3.1.2 Matrix Server Administration Guide

Chapter 12: Configure Service Monitors 170
Copyright © 1999-2006 PolyServe, Inc. All rights reserved.
Recovery script. Runs after a monitor probe failure is detected, in an
attempt to restore the service.
Start script. Runs as a service is becoming active on a server.
Stop script. Runs as a service is becoming inactive on a server.
When a monitor is instantiated for a service (because the ClusterPulse
daemon is starting or the configuration has changed), Matrix Server
chooses the best server to make the service active. The Start script is run
on this server. On all other servers configured for the monitor, the Stop
script is run to ensure that the service is not active.
Start scripts must be robust enough to run when the service is already
started, without considering this to be an error. Similarly, Stop scripts
must be robust enough to run when the service is already stopped,
without considering this to be an error. In both of these cases, the script
should exit with a zero exit status.
This behavior is necessary because Matrix Server runs the Start and Stop
scripts to establish the desired start/stop activity, even though the service
may actually have been started by something other than Matrix Server
before ClusterPulse was started. The Start and Stop scripts must also
handle recovery from events that may cause them to run unsuccessfully.

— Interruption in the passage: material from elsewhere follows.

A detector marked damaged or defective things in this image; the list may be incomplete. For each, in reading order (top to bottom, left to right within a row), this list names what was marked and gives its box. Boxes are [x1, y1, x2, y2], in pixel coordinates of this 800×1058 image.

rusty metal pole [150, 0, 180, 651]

For example, if the system runs out of swap space while running a Start
script, the script will fail and exit non-zero. The service could then
become active on another server, causing the Stop script to run on the
original server even though the Start script did not complete successfully.
To configure scripts from the command line, use these options:
--recoveryScript <script>
--startScript <script>
--stopScript <script>
Event Severity
By default, Matrix Server treats the failure or timeout of a Start or Stop
script as a failure of the associated monitored service and may initiate
failover of the associated virtual hosts. Configuration errors can also
cause this behavior.